Add single value cache to BloomFilter hash calculation #73103

ToddGrun · 2024-04-19T14:12:50Z

Although this isn't horribly expensive, I noticed that we typically call BloomFilter.ProbablyContains many times with the same input string. This string is then hashed a number of times (about 13 times if the string is present, less if not). Instead, we can cache what these hashes are as almost all created bloom filters will calculate the same hashes.

Testing yielded around a 99% hit rate. Should have a slight positive effect for find references and other scenarios using the bloom filters.

Although this isn't horribly expensive, I noticed that we typically call BloomFilter.ProbablyContains many times with the same input string. This string is then hashed a number of times (about 13 times if the string is present, less if not). Instead, we can cache what these hashes are as almost all created bloom filters will calculate the same hashes. Testing yielded around a 99% hit rate. Should have a *slight* positive effect for find references and other scenarios using the bloom filters.

CyrusNajmabadi · 2024-04-19T15:33:53Z

src/Workspaces/Core/Portable/Shared/Utilities/BloomFilter.cs

+
+            if (cachedHash == null
+                || cachedHash._isCaseSensitive != filter._isCaseSensitive
+                || cachedHash._hashes.Length < filter._hashFunctionCount


Why is this a < and not a !=?

Because a longer hash of arrays is fine. The caller may not use all the values in the array we hand back, but that's not a big deal.

CyrusNajmabadi · 2024-04-19T15:36:49Z

src/Workspaces/Core/Portable/Shared/Utilities/BloomFilter.cs

+    /// <summary>
+    /// Provides mechanism to efficiently obtain bloom filter hash for a value. Backed by a single element cache.
+    /// </summary>
+    internal class BloomFilterHash


CyrusNajmabadi · 2024-04-19T15:39:56Z

src/Workspaces/Core/Portable/Shared/Utilities/BloomFilter.cs

+
+            for (var i = 0; i < filter._hashFunctionCount; i++)
+                hashBuilder.Add(filter.GetBitArrayIndex(value, i));
+


This seems wrong (though it is early). The result of GetBitArrayIndex depends on internal state of the filter it doesn't seem like it could be used across filters.

src/Workspaces/Core/Portable/Shared/Utilities/BloomFilter.cs

CyrusNajmabadi · 2024-04-19T15:43:22Z

src/EditorFeatures/Test/Utilities/BloomFilterTests.cs

+        }
+
+        [Fact]
+        public void TestCacheAfterCalls()
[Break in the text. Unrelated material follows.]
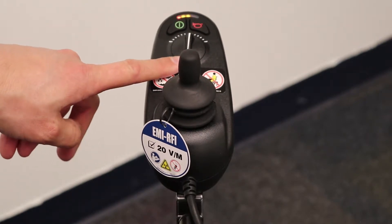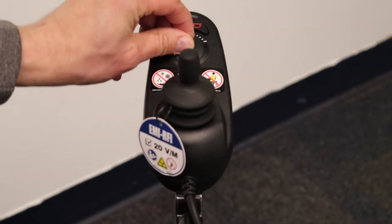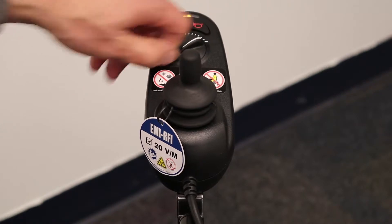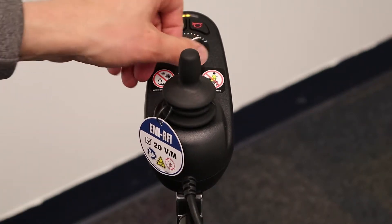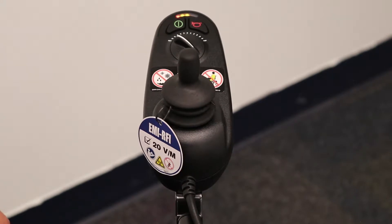The speed dial is a turn dial. Once you turn it all the way to the left, it will be set to the slowest speed; all the way to the right, and it will be set to the fastest speed. We recommend using it on the slowest speed until you become comfortable with the operation.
We need tests with vastly different Bloom filters, demonstrating we get expected probability results.

Is this a general request, or is this something you think needs testing in light of the code now using a cache?

CyrusNajmabadi · 2024-04-19T15:43:50Z

I think there's a subtle, but very problematic bug. If I'm remembering how this works properly.

…mod length to get the BitArrayIndex

CyrusNajmabadi · 2024-04-19T18:03:12Z

src/Workspaces/Core/Portable/Shared/Utilities/BloomFilter.cs

    public bool ProbablyContains(string value)
    {
+        var hashes = BloomFilterHash.GetOrCreateHashArray(value, _isCaseSensitive, _hashFunctionCount);


ok. this is subtle, and needs docs. mention explicitly that hashes may contain more hash values than the _hashFunctionCount passed in. But that's ok as the first _hashFunctionCount hashes are guaranteed to be the same due to how ComputeHash works.

CyrusNajmabadi · 2024-04-19T18:04:22Z

src/Workspaces/Core/Portable/Shared/Utilities/BloomFilter.cs

+        {
+            var cachedHash = s_cachedHash;
+
+            // Not an equivalency check on the hashFunctionCount as a longer array is ok.


i'd prefer a longer explanation of why it isok. specifically that when getting the hashes that you always get hte same prefix of hashes regardless of how many hash function counts you ask for. In other words, the hash[0] is always hte same across all the arrays, as long as you have the same value and case sensitivity, and same for hash[1], and s on.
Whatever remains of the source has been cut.